### WHAT THIS TASK INVOLVES
Your task is to retype, exactly and without pictures, the line holding "Light wood sideboard with marble-look top" and each line that follows it to the end of the entries.

Segment Start: DATA TO USE

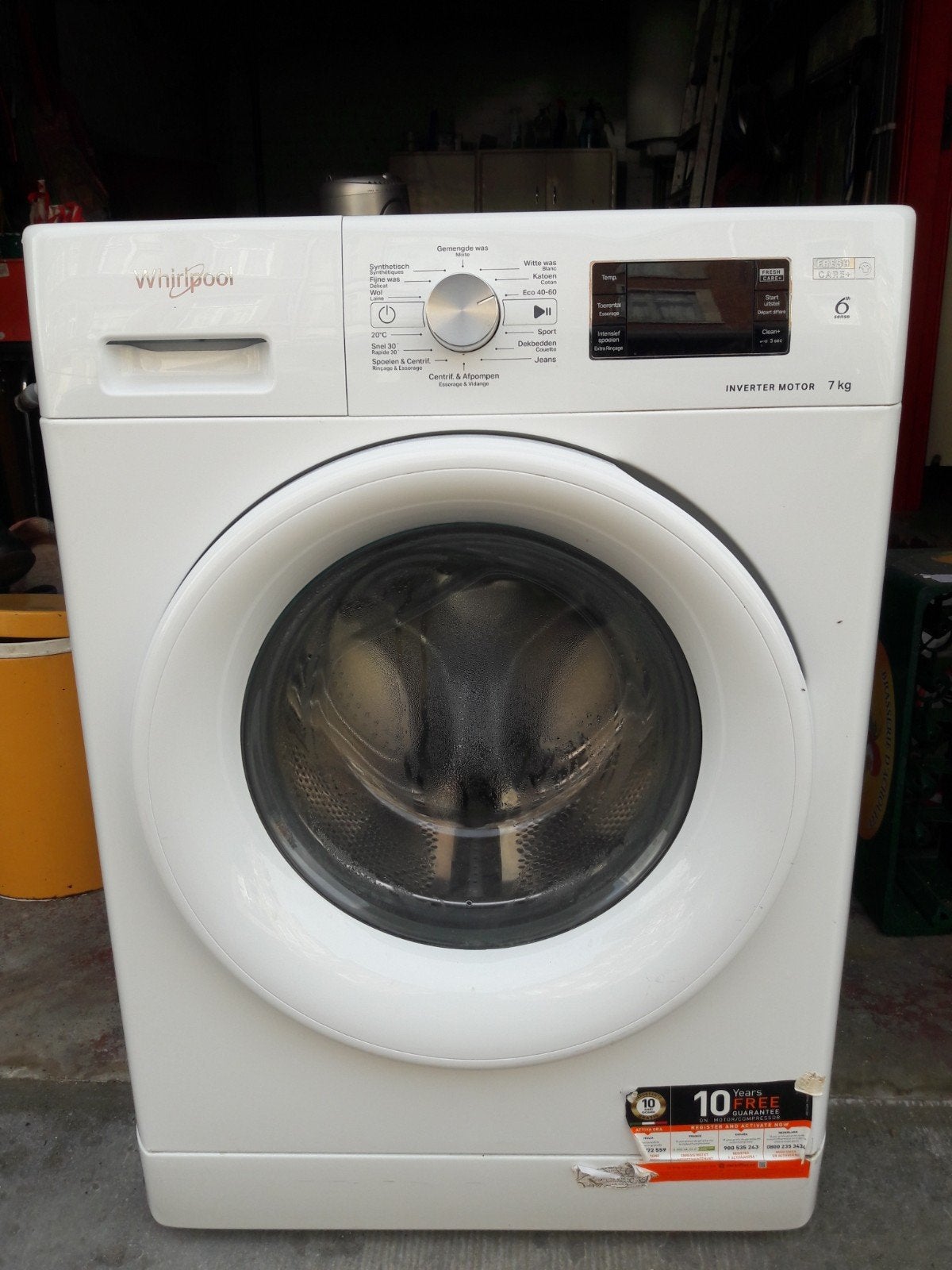 Machine à laver, lessiveuse, lave-linge Whirlpool 7 kg, 6 à 8 kg, Enlèvement, Comme neuf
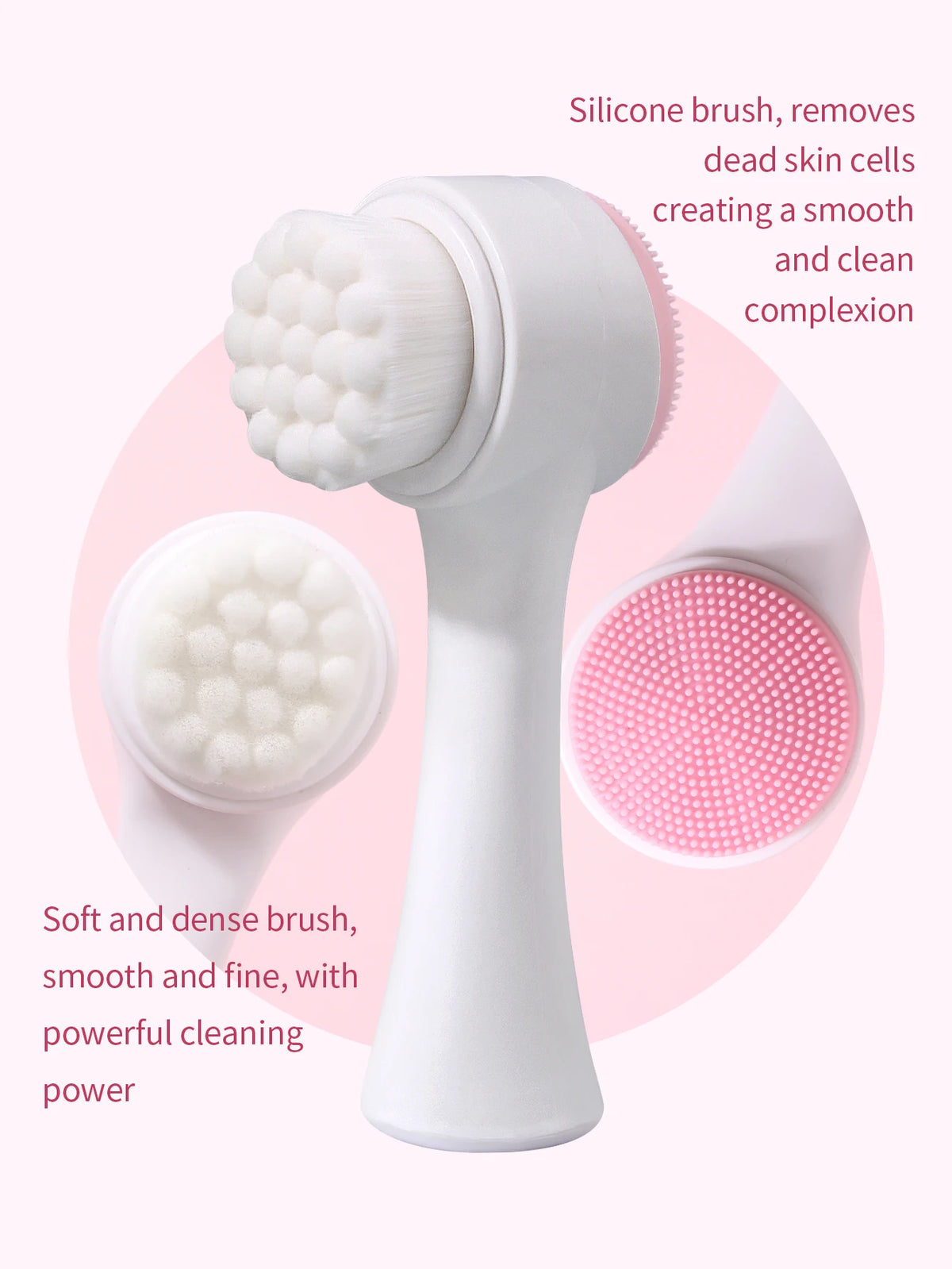 3-in-1 Facial Cleansing Kit – Silicone Brush, Sponge & Puff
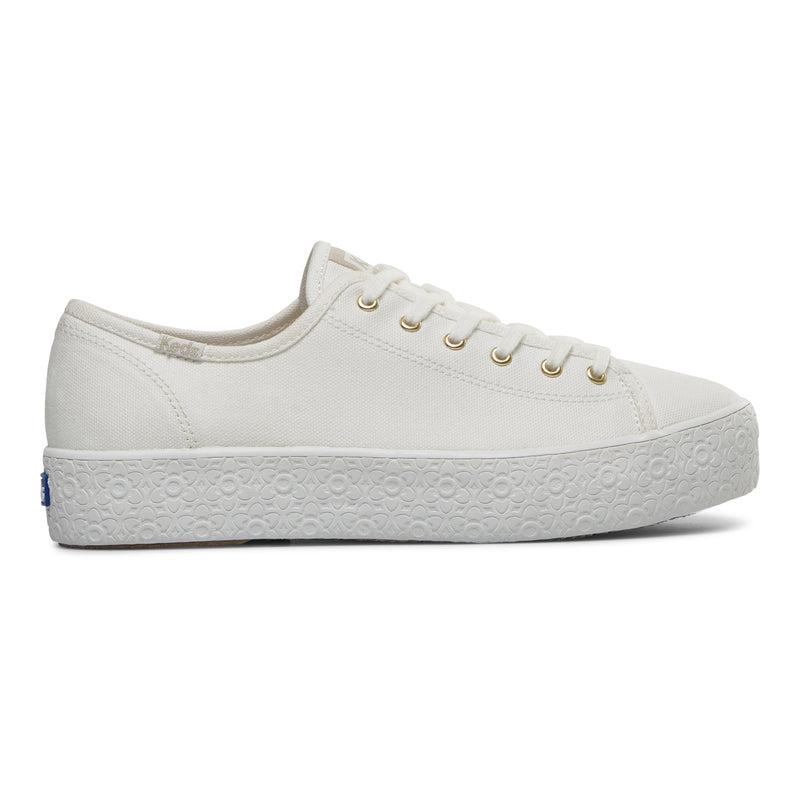 Keds Triple Kick Canvas Emboss Foxing Snow Naisten Platform Sneakers Valkoinen | TVGW94876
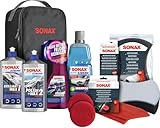 SONAX XTREME Autopflege Set inkl. Tasche (8-teilig); Autoreinigungs- & Pflegeset für den...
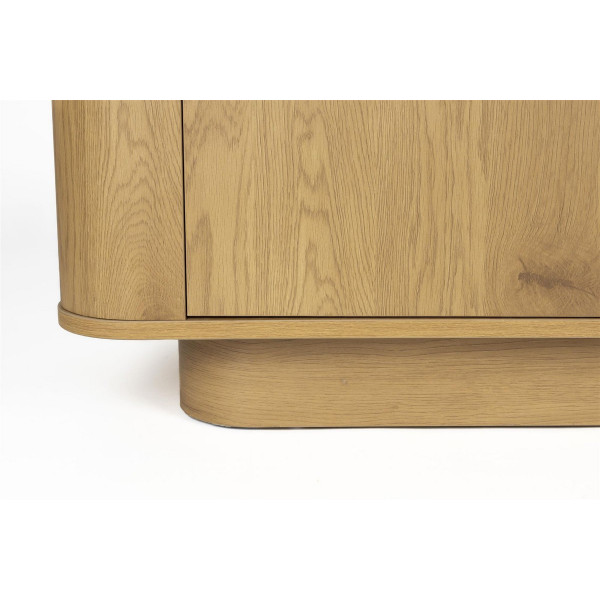 Light wood sideboard with marble-look top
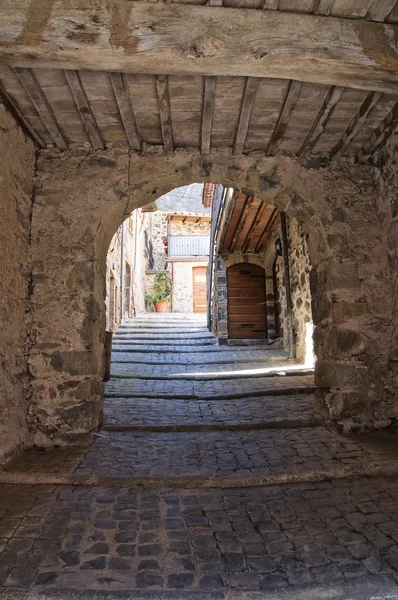 Gasse. torre alfina. Latium. Italien. — Stockfoto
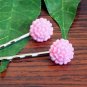 Glitter Pink Mum Flower Bobby Pins Hair Pins Handmade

Segment End: DATA TO USE

### COMPLETED EXERCISE
 Light wood sideboard with marble-look top
 Gasse. torre alfina. Latium. Italien. — Stockfoto
 Glitter Pink Mum Flower Bobby Pins Hair Pins Handmade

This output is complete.